▶ **Your task**
With pictures omitted, transcribe exactly the lines from the one containing "Porsche 911 (997)" to the end of the records below.

Input data START

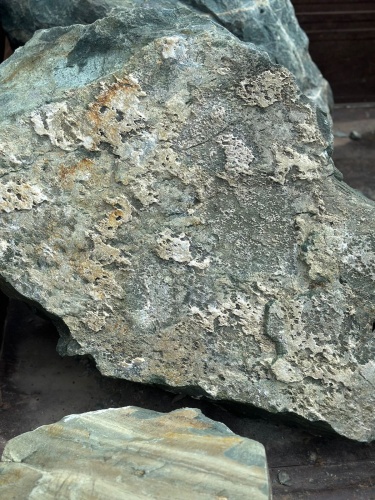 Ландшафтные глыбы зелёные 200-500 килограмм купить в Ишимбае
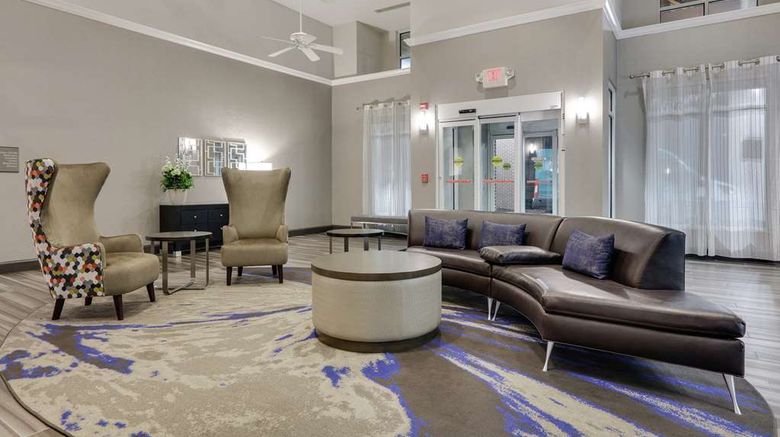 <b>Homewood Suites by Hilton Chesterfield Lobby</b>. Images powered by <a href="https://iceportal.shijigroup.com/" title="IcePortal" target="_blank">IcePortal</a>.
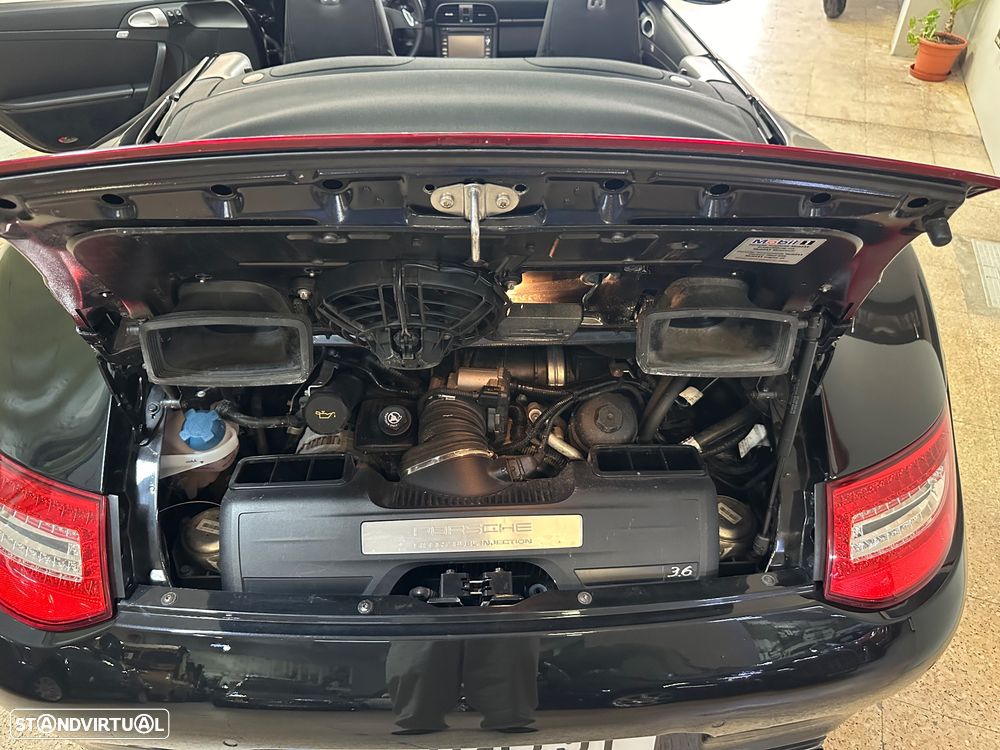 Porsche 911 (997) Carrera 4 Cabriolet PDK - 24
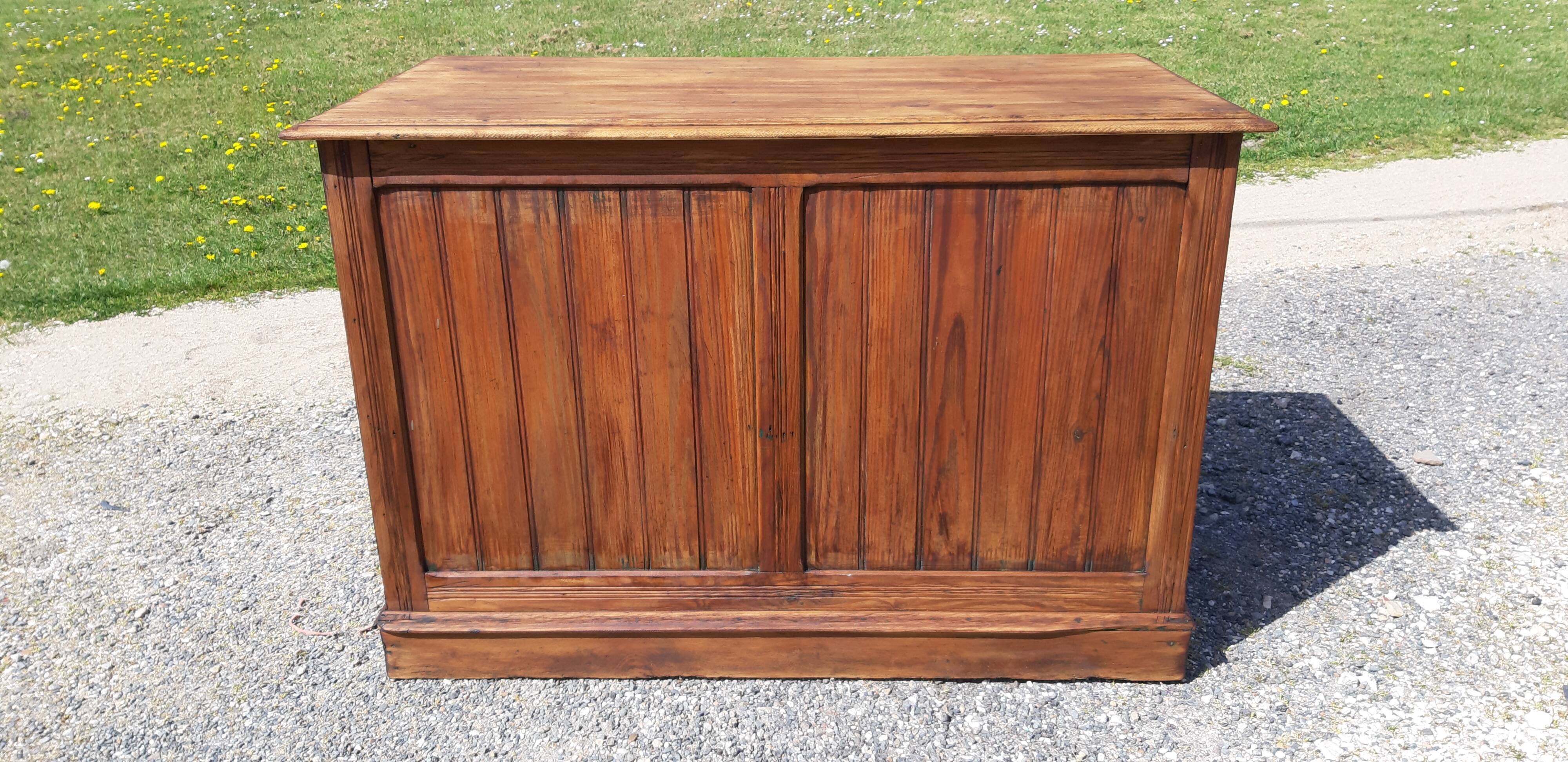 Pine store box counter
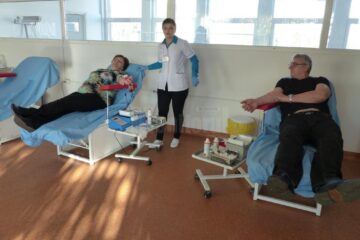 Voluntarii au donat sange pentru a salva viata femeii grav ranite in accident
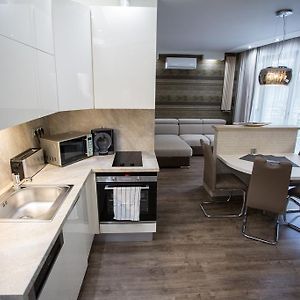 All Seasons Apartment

Input data END

▶ **Result of this task**
 Porsche 911 (997) Carrera 4 Cabriolet PDK - 24
 Pine store box counter
 Voluntarii au donat sange pentru a salva viata femeii grav ranite in accident
 All Seasons Apartment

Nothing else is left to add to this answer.